SQL92 - Internationalization Issues and Proposed Solutions

The ever popular Structured Query Language (SQL) has continued to be the standard language to access relational databases for almost two decades. As SQL is widely used by all major relational database management systems (RDBMS), there is an ongoing effort to standardize syntax and semantics in the SQL (ISO/IEC) standards SQL-92 and SQL3. The first part of this presentation will present and discuss current language support concepts and features in the ANSI SQL standards including character sets and encodings in SQL data types, identifiers and literals, translations, collations, conversions, string functions, error handling and messaging, and call-level interfaces.

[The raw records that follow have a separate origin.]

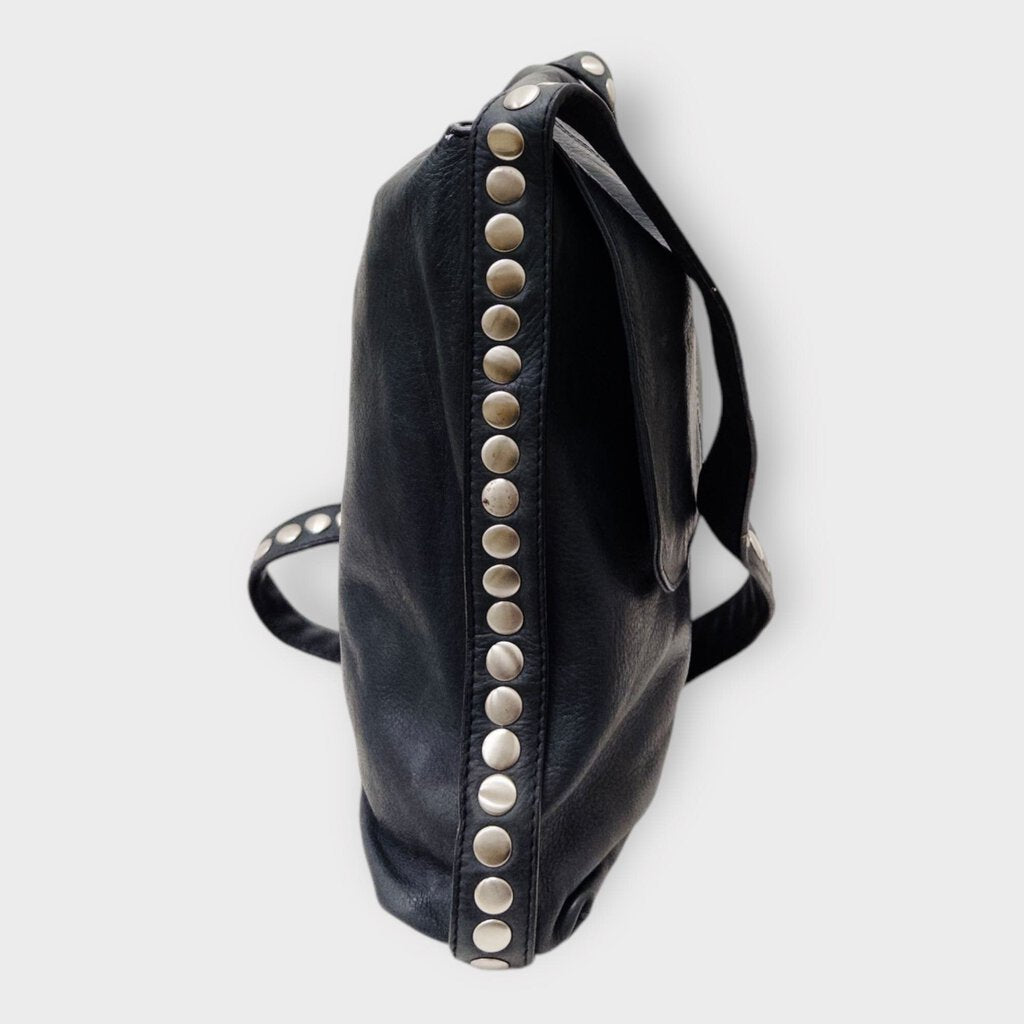 Black Leather Silver Studded Strap Bag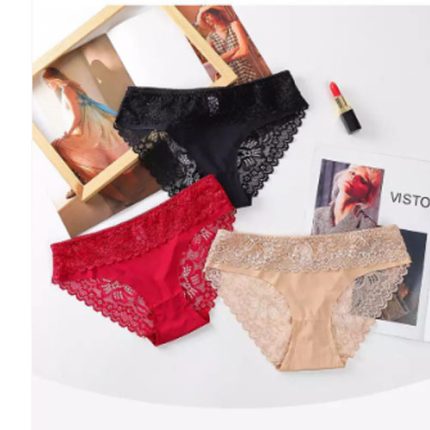 Half net cotton panties Pack of 3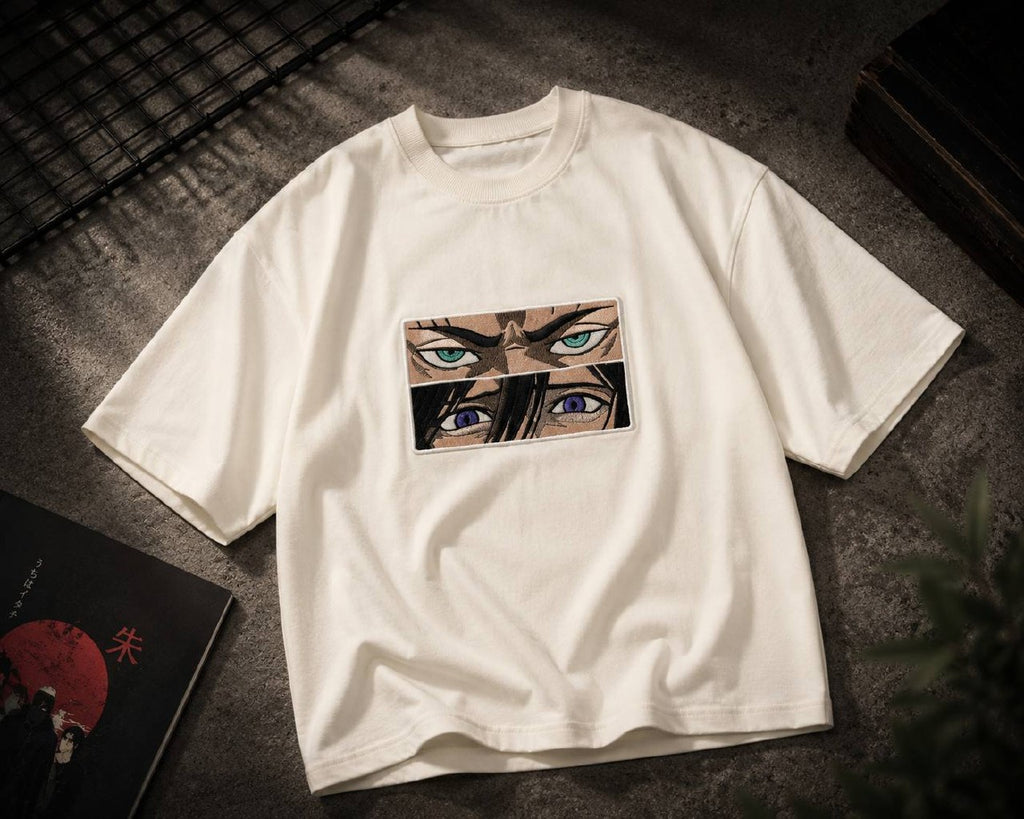 Eren & Mikasa Eyes Embroidery Unisex Oversized T-Shirt Off White | 240 GSM Cotton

It will be shown that those features, as specified in the standards, are still not mature and need to be refined before being used by actual implementations. The second part of the presentation proposes changes and additions to make language support features in the SQL standards workable. Topics covered will include a discussion of using Unicode as the basic underlying character set for SQL, addition of a standard Unicode datatype, language tagging, Unicode-based collation concepts, handling text-elements versus individual characters, use of standardized character set and collation names, Unicode-based string functions, and other topics. In the writing of this paper, two major database vendors have worked together with the original authors of the international features portions of the SQL Standard to come up with a proposal that meets user's needs, is feasible to implement, and poises SQL for expanded portable use in a global environment.